In [13]:
from functools import partial
import math
import time
import os
import json

import jax
import jax.numpy as jnp
import numpy as np
import optax

from tqdm import tqdm

import matplotlib.pyplot as plt

In [2]:
RNG_SEED = 1234
TRAIN_EPOCHS = 1000
ODE_STEPS = 20           # explicit Euler steps -> step size = 1/ODE_STEPS
LEAKY_ALPHA = 0.01
LR_MAX = 1e-3
LR_MIN = 1e-5
CYCLE_LENGTH = 200       # epochs per cosine cycle for cyclic LR
TEST_POINTS = 1000
BATCH_SIZE = None        # None -> full-batch for small N
RESULTS_DIR = "results_neural_ode_experiment"
os.makedirs(RESULTS_DIR, exist_ok=True)

# Grids for experiments (paper):
TRAIN_SIZES = [10, 50, 100, 500, 1000]
HS = [5, 10, 50, 100]

### Utils

In [15]:
def target_fn(x):
    return jnp.sin(10.0 * x) + x

key = jax.random.PRNGKey(RNG_SEED)

def leaky_relu(x, alpha=LEAKY_ALPHA):
    return jnp.where(x >= 0, x, alpha * x)
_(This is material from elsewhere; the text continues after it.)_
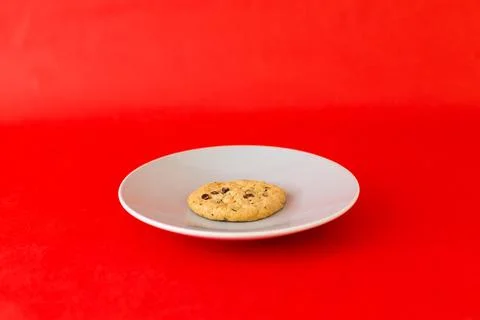 A cookie is on a plate on a red background Stock Photos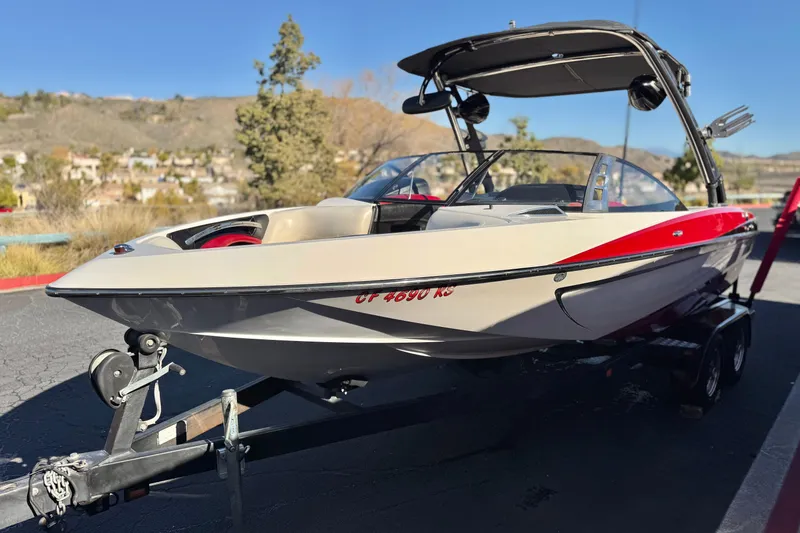 Slide: The Image of 2012 Malibu Wakesetter 21 VLX boat on trailer, parked outdoors. - 3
# parameter counting utility
def count_params(params):
    def tree_size(t):
        return sum([p.size for p in jax.tree_util.tree_map.tree_leaves(t)])
    return tree_size(params)


### Models

In [5]:
def init_linear_params(key, in_dim, out_dim, scale=0.1):
    k1, k2 = jax.random.split(key)
    W = scale * jax.random.normal(k1, (out_dim, in_dim))
    b = jnp.zeros((out_dim,))
    return {'W': W, 'b': b}

# Single-hidden-layer: l2 o sigma o l1
def init_single_hidden(key, d):
    k1, k2 = jax.random.split(key)
    p1 = init_linear_params(k1, 1, d)
    p2 = init_linear_params(k2, d, 1)
    return {'l1': p1, 'l2': p2}

def apply_single_hidden(params, x):
    # x: (batch,1)
    z = jnp.dot(x, params['l1']['W'].T) + params['l1']['b']  # (batch,d)
    z = leaky_relu(z)
    out = jnp.dot(z, params['l2']['W'].T) + params['l2']['b']  # (batch,1)
    return out

In [6]:
# Neural ODE block: phi is flow of du/dt = sigma(Au + b_ode) with explicit Euler

def init_neural_ode_params(key, d):
    # params: l1 (1->d), l2 (d->1), A (dxd), b_ode (d)
    k1, k2, k3 = jax.random.split(key, 3)
    l1 = init_linear_params(k1, 1, d)
    l2 = init_linear_params(k2, d, 1)
    A = 0.1 * jax.random.normal(k3, (d, d))
    b_ode = jnp.zeros((d,))
    return {'l1': l1, 'l2': l2, 'A': A, 'b': b_ode}

@partial(jax.jit, static_argnums=(2,))
def phi_flow(u0, A, b_ode, steps=ODE_STEPS):
    # u0: (batch,d)
    dt = 1.0 / steps
    def body(i, u):
        # compute sigma(Au + b) for each batch
        v = jnp.dot(u, A.T) + b_ode  # (batch,d)
        v = leaky_relu(v)
        return u + dt * v
    u = jax.lax.fori_loop(0, steps, body, u0)
    return u

def apply_neural_ode(params, x):
    # x: (batch,1)
    u0 = jnp.dot(x, params['l1']['W'].T) + params['l1']['b']  # (batch,d)
    uT = phi_flow(u0, params['A'], params['b'])
    out = jnp.dot(uT, params['l2']['W'].T) + params['l2']['b']
    return out

In [7]:
# Two-hidden-layer: l3 o sigma o l2 o sigma o l1

def init_two_hidden(key, d):
    k1, k2, k3 = jax.random.split(key, 3)
    l1 = init_linear_params(k1, 1, d)
    l2 = init_linear_params(k2, d, d)
    l3 = init_linear_params(k3, d, 1)
    return {'l1': l1, 'l2': l2, 'l3': l3}

def apply_two_hidden(params, x):
    z1 = jnp.dot(x, params['l1']['W'].T) + params['l1']['b']  # (batch,d)
    z1 = leaky_relu(z1)
    z2 = jnp.dot(z1, params['l2']['W'].T) + params['l2']['b']  # (batch,d)
    z2 = leaky_relu(z2)
    out = jnp.dot(z2, params['l3']['W'].T) + params['l3']['b']  # (batch,1)
    return out

### Training utils

In [24]:
def make_dataset(key, N):
    xs = jax.random.uniform(key, (N, 1), minval=0.0, maxval=1.0)
    ys = target_fn(xs)
    return xs, ys

# cyclic cosine annealing schedule
def cyclic_cosine_lr(step, lr_max=LR_MAX, lr_min=LR_MIN, cycle_length=CYCLE_LENGTH):
    # step in epochs (integer)
    t = (step % cycle_length) / float(cycle_length)
    return lr_min + 0.5 * (lr_max - lr_min) * (1.0 + jnp.cos(jnp.pi * t))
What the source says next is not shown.